The message within the story touched my heart and reminded me that within each of us, in our failures and our graces, God sees the amazing possibilities! I hope that you also enjoy the story, but more importantly, I hope you can see the possibilities within your struggles and disappointments. Be blessed my friends:
Three children stand on the front porch of their small, weather beaten home. Three pair of brown eyes squint against the blazing Georgia sun. A huge dust cloud billows behind the white El-Camino mail truck. Three pair of long brown legs race outside, and three pair of hands reach for the mailbox. Jen-et, Junior and Peaches are hoping the boxes will arrive today.
Every year the children wait for school supplies and clothes from their northern relatives. Weeks pass and nothing arrives. Their disappointment turns to panic. Finally, Aunt Ruby sends money for clothes. Lillian sends school supplies and Uncle Melvin sends new shoes.
Ma and Pa spread everything out on the white wrought iron bed. There are school supplies, matching outfits, underwear, socks, shoes, and two coats. Pa sighs “Jen-et needs something warm.” Ma nods, “Tomorrow, I’ll look through the trunk. Maybe there will be something I can use.”
The beautifully carved trunk has been in Ma’s family for generations. It stored all kinds of interesting and unusual things. Ma and Pa always found what they needed. The children believed the trunk was filled with unlimited possibilities.
The trunk held white quilt batting, colored buttons, odd shaped fabric scraps, and all sorts of brick-a-brack. Nothing seems just right for a little girl. Something tucked in the corner caught Ma’s eye.
The fabric was perfect for a little girl’s warm winter wrap. Peaches said it felt fluffy like a cloud, and thin like a pancake. Junior said it was bright like sunshine and dark like a moonless night. Jen-et said it smelled sweet like a gardenia and fresh like a cucumber.
The wrap buttoned under Jen-et’s chin, and flowed over her shoes. She wore the wrap to school, to church, and to visit all the relatives. By spring, it showed signs of wear and tear. The wrap was tucked away in the trunk of possibilities.

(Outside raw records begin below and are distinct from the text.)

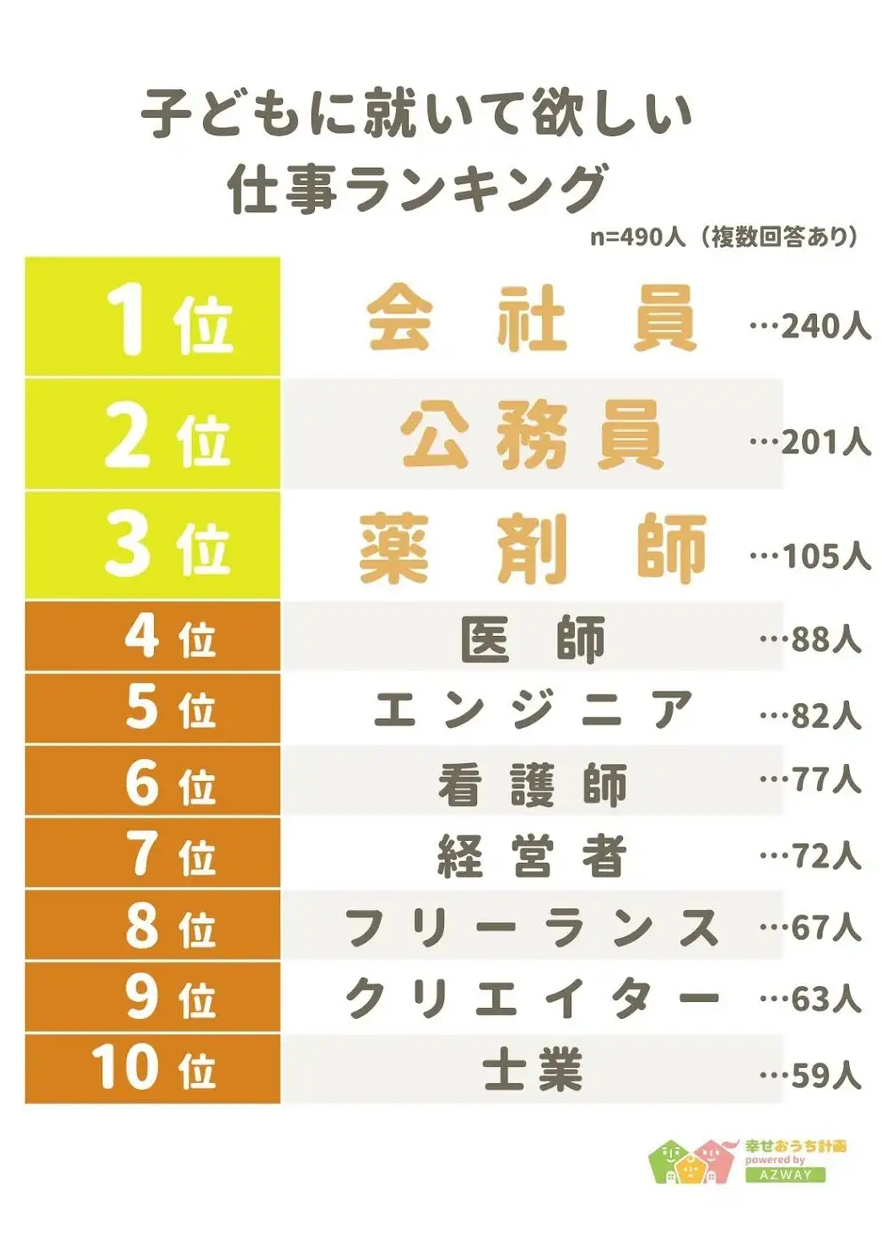 高卒｜就いてよかった仕事ランキング！高卒でも働ける人気職業とは | 転職鉄板ガイド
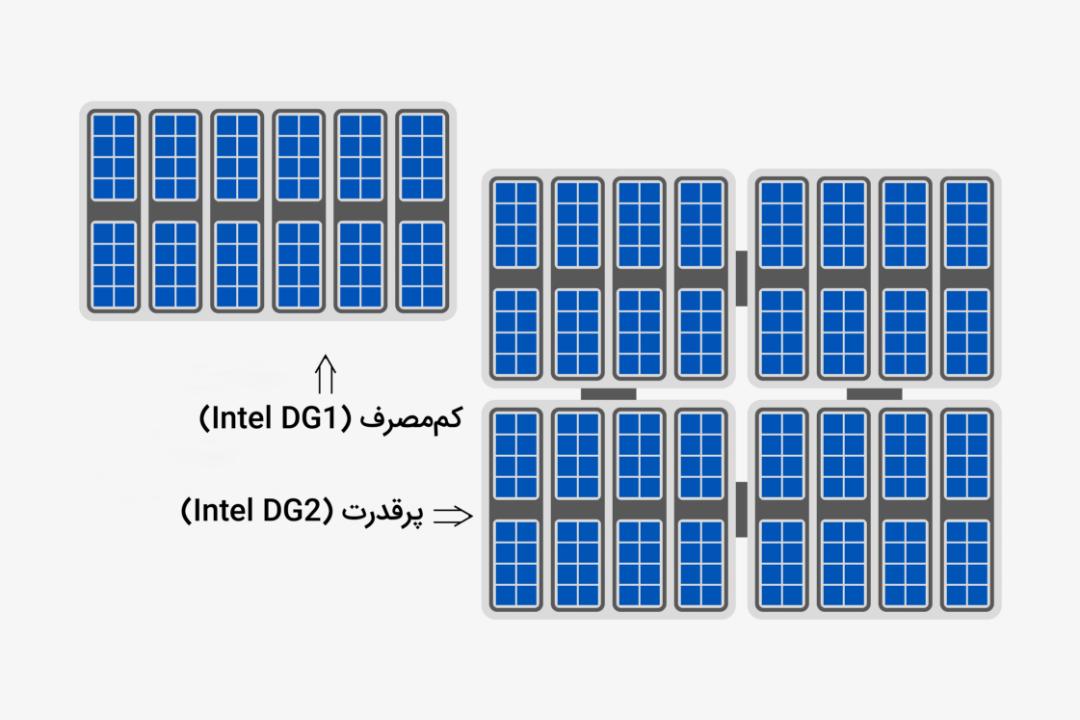 مقایسه واحد اجرایی کارت گرافیک Intel DG1 با اینتل دی جی 2 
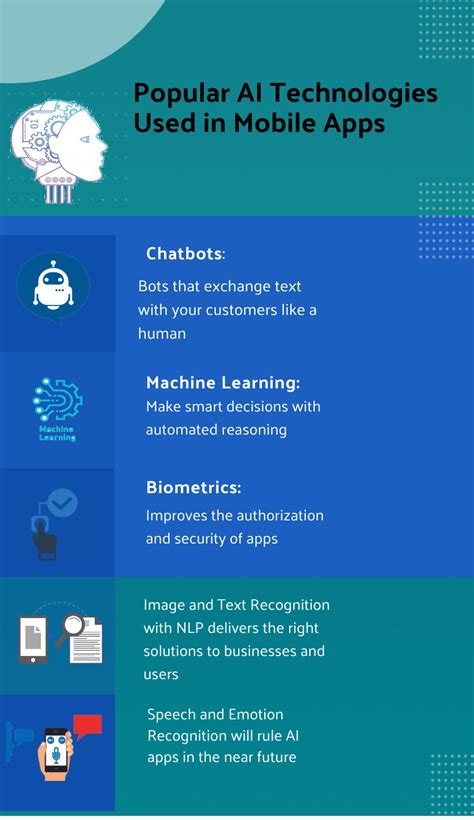 How To Integrate Ai In Mobile App Development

Summer quickly passed. The relatives sent everything, except something warm for Junior. Ma found the worn wrap in the trunk of possibilities. Enough good fabric was left to make a warm, winter jacket. Junior wore the jacket to school, to church, and to visit all the relatives. By spring, the jacket was frayed and buttons were missing. It went back into the trunk of possibilities.

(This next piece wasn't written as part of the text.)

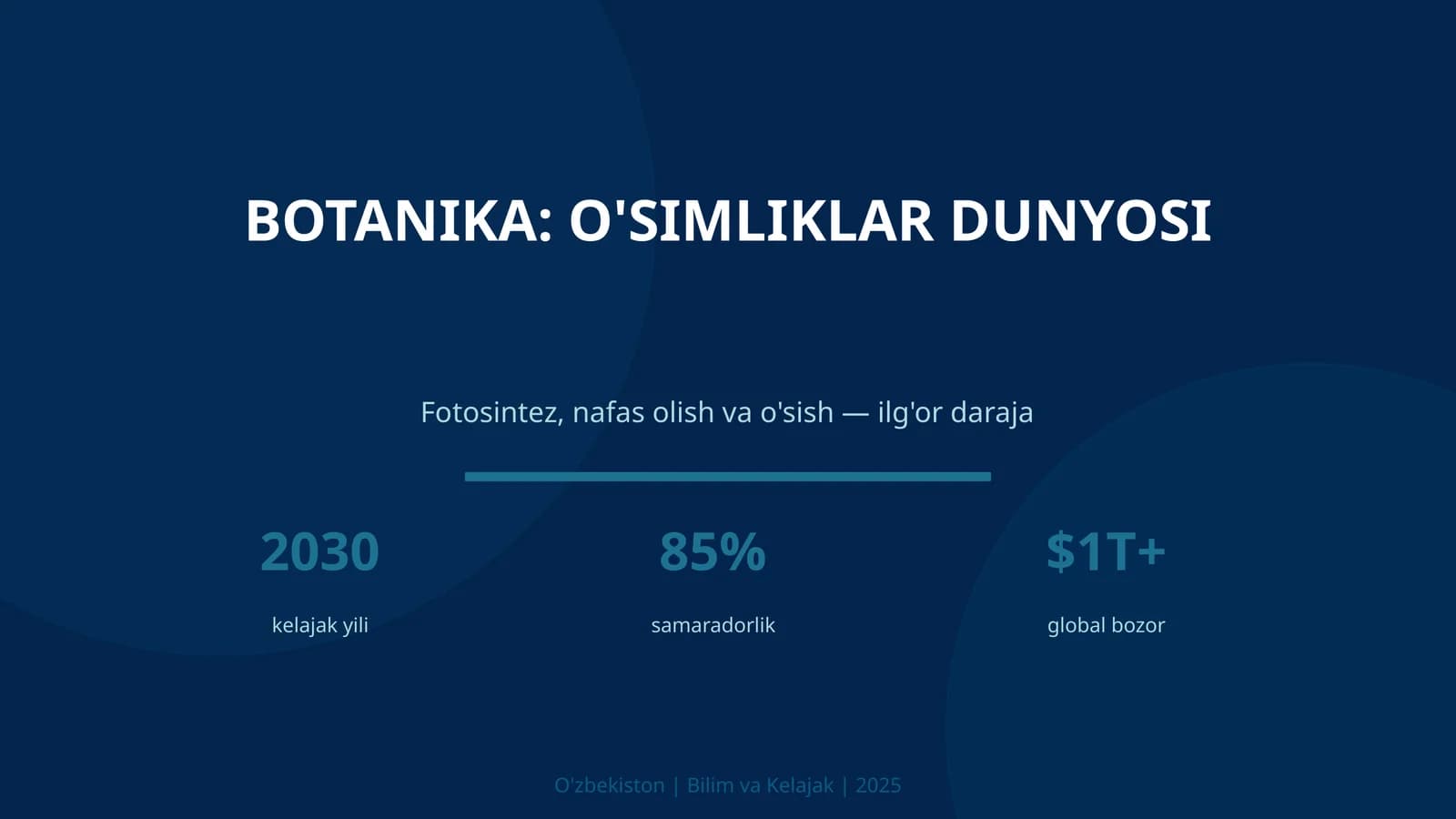 Botanika: O'Simliklar Dunyosi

Again, the relatives sent the children’s school needs. Peaches needed something warm. Junior’s old jacket was in the trunk of possibilities. Enough good fabric was left to make a warm winter vest. Peaches wore the vest to school, to church, and to visit all the relatives. By spring the vest was frayed and buttons were missing. It went back in the trunk of possibilities and remained there many years.
The children grew up, and finished school. One by one they got married and moved away from home. They often talked about the trunk of possibilities at family dinners. The trunk remained closed until Jen-et had the first grandchild.

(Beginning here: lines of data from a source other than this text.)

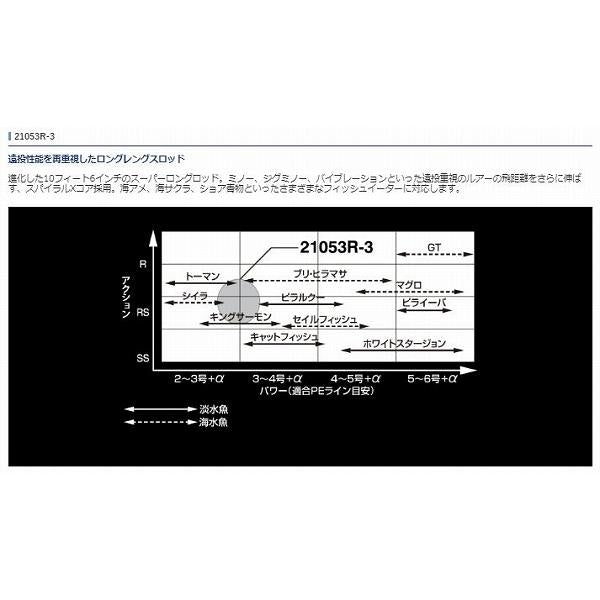 20 ワールドシャウラ BG 2836RS-2 シマノ 秋の大感謝祭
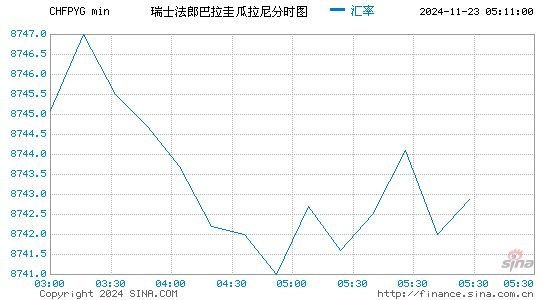 瑞士币对巴拉圭币汇率走势图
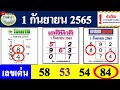 หวย เดลินิวส์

Ma wanted to make a special gift for the baby. Nothing seemed just right. Late one evening she opened the trunk of possibilities. There was Peaches old worn vest. Tenderly touching the fabric, Ma remembered Junior’s jacket, and Jen-et’s wrap.
She fashioned a blanket from the vest. The blanket was fluffy like a cloud, flat like a pancake. It was shiny like the sun and black like a moonless night. It smelled sweet like a gardenia and fresh like a cucumber. The baby used the blanket at home, at church and when visiting all the relatives. Tattered and worn, Ma placed it back in the trunk of possibilities.
The blanket stayed there until Junior’s first child. Ma made a tiny pillow for the baby. The baby used the pillow at home, at church, and when visiting all the relatives. The pillow became flat and flabby. It went back into the trunk of possibilities.
The trunk was opened again with Peaches first child. There among the odd buttons, fabric scraps and brick-a-brack was the flat, flabby pillow. Ma used the fabric to make a bib. The baby wore the bib at home, to church, and to visit all the relatives. Torn and stained, the bib was returned to the trunk of possibilities.
The bib and the beautifully carved trunk became a part of the family’s tradition. They gather to tell stories of the interesting and unusual things in the trunk. It is their best and most special time together. They are gathering around the trunk of possibilities to this very day.
A note to Parents: Stories beget stories. Use this story to stimulate memories of important family events, the first day of school, graduation, the birth of a child, leaving home, the first job. These stories connect children to family history and serve as inspiration and motivation. As children learn the family story, they enrich the story with contributions from their own life.